• _SUPPLIED MATERIAL_:
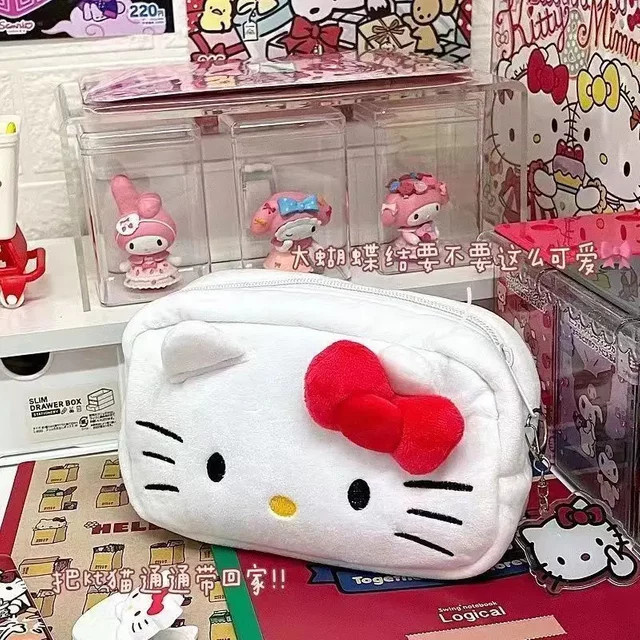 Hello Kitty Federmäppchen als große Aufbewahrungstasche für Schreibwaren oder Make-up in Beige und Weiß - Bild 1
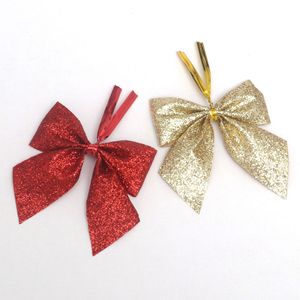 Ornements de Noël en forme de nœud 5x5cm, rouge et or, pailletés, en forme de papillon, décorations pour arbre - Product Image 5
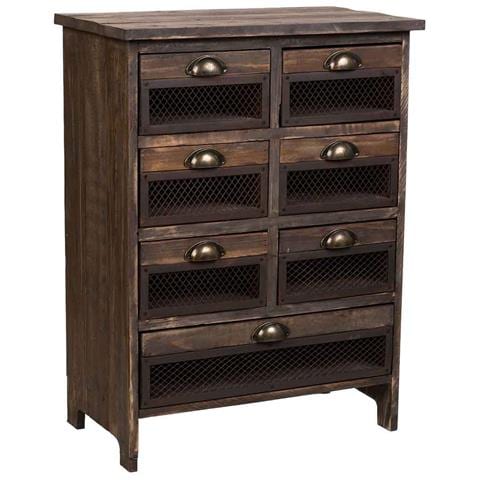 Cassettiera In Legno Con 7 Cassetti Marrone 59x34x80,5h Cm - Foto 1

• _WORK INSTRUCTIONS_:
The answer should match the material exactly, with every picture removed.

• _YOUR RESPONSE_:
 Hello Kitty Federmäppchen als große Aufbewahrungstasche für Schreibwaren oder Make-up in Beige und Weiß - Bild 1
 Ornements de Noël en forme de nœud 5x5cm, rouge et or, pailletés, en forme de papillon, décorations pour arbre - Product Image 5
 Cassettiera In Legno Con 7 Cassetti Marrone 59x34x80,5h Cm - Foto 1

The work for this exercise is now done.